We followed the twisty road up the mountain and came to the narrow one-lane bridge. Coming down the mountain was a man on a large motorcycle. Now, the law is that the person coming UP the mountain has the right of way of such bridges, and so Joan eased the car forward. The curved, antique bridge hung over a gorge of considerable depth. The man on the motorcycle also came forward and we found ourselves bumper-to-wheel in the middle.
“Bloody hell,” said Joan. “What does he think he’s doing? I’m not backing up.” She looked at me and shrugged. “I don’t back up very well on straight roads, let along this goddamn thing.” Joan rolled down the window, waved and in heavily-accented French said what translated (loosely) to, “Come on, now, mate.
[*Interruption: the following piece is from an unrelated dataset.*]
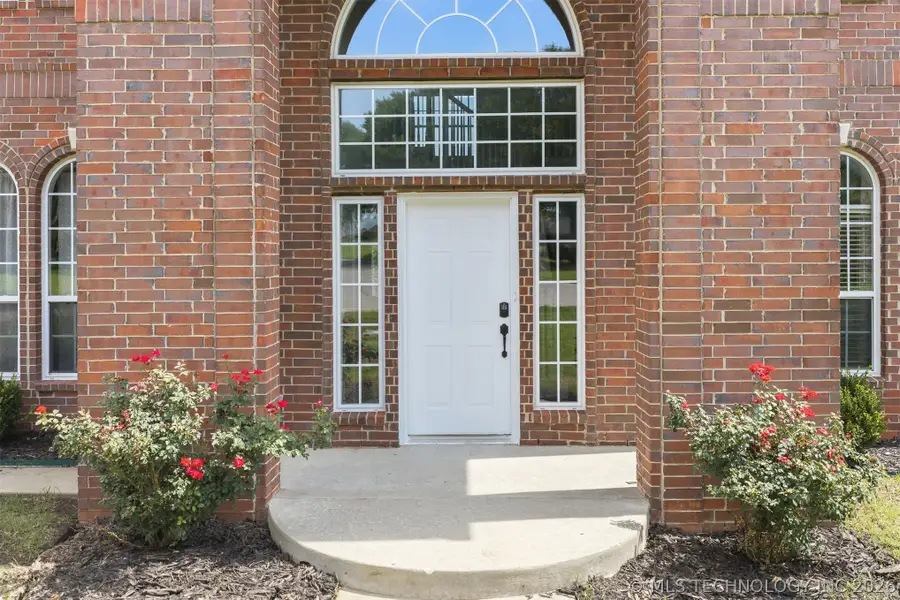 708 Franklin Court, Ardmore, OK 73401 - #2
You’ll have to back up. Stop messing about.”
The man made a rather rude gesture and said, very clearly, what translated to, “F**k you. You back up.”
Joan was not the sort of person to whom it was wise to respond thusly. She blew a lock of black hair out of her face, set her jaw and gripped the wheel. “We’ll see about that,” she said. She inched the car forward. The man on the motorcycle folded his arms and refused to budge.
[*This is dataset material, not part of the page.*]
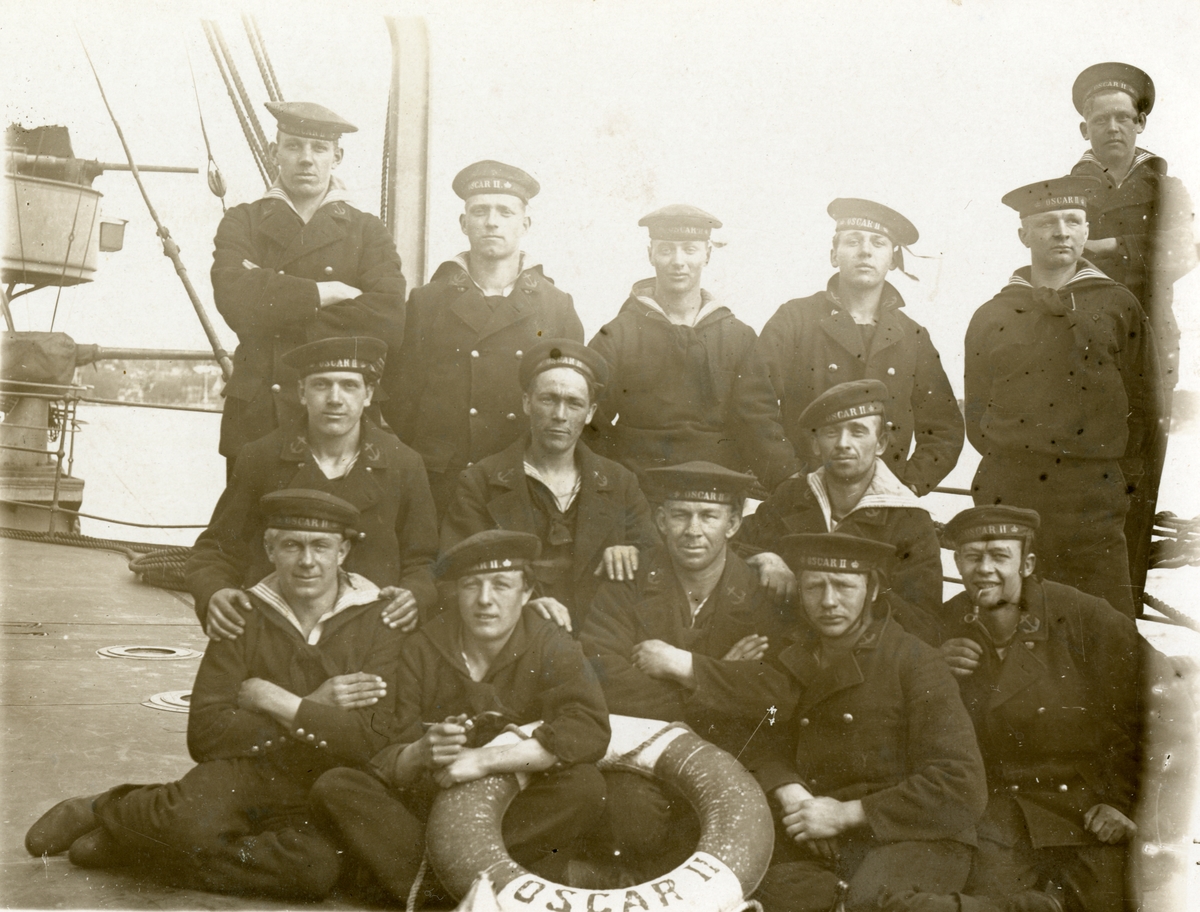Gruppfoto ombord på Oscar II Åland 1917-18.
“Maybe you should back up,” I said. “What difference does it make?”
“To hell with that. He’s a bully,” said Joan.
By now, several cars had appeared behind us, which meant, even if Joan chose to back up, she couldn’t. And then two cars came down the mountain, blocking the motorcyclist. We were in a stand-off.
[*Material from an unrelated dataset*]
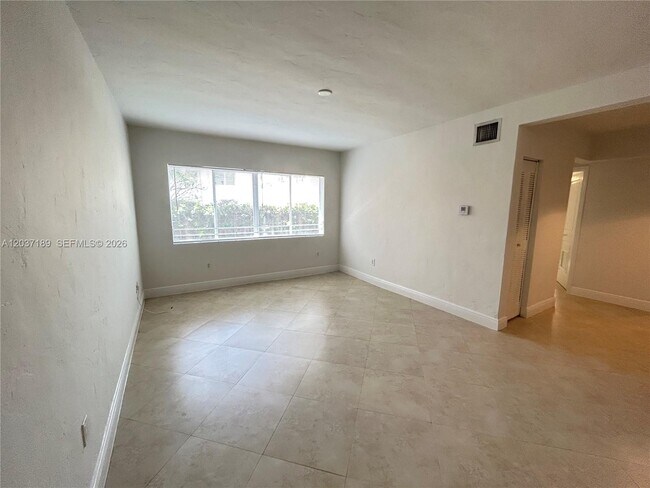 Foto del edificio - 2880 Pine Tree Dr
Car horns bleated. First one, and then two and then a chorus of horns. Someone shouted and someone else shouted. I couldn’t make out what they were saying but none of it sounded good. Arms waved from rolled down car windows. Gestures, some involving middle fingers punctuated the air. My heart began beating rather erratically.
“I think we should move,” I said.
“Where do you think I should go?” Joan jutted her chin in the direction of the gorge.
A man was at the driver’s window. He was wiry, unshaven, with a missing tooth. The smell of cigarettes wafted in on the hot breeze. He shouted at Joan, told her to get off the bridge.
“I’ve got the right of way,” she yelled back.
The man called her a foreign bitch, a rich bitch who had no rights of any kind. Not in his France. She should go back to Switzerland.
“I’m English,” said Joan.
“Then fuck off to England,” spat the man.
I locked my door. More men were getting out of their cars now and heading for us. I looked behind us. Four of them. No, six. Maybe more. Someone banged on the roof of the car. Someone else pounded the hood. The car began to rock. Someone slapped the passenger-side window and I turned to see a wide, red face, contorted with anger, telling me to get out of the car. Joan shrieked and I realized the man on her side of the car was trying to pull open her door, trying to pull her out of the car. I grabbed her arm.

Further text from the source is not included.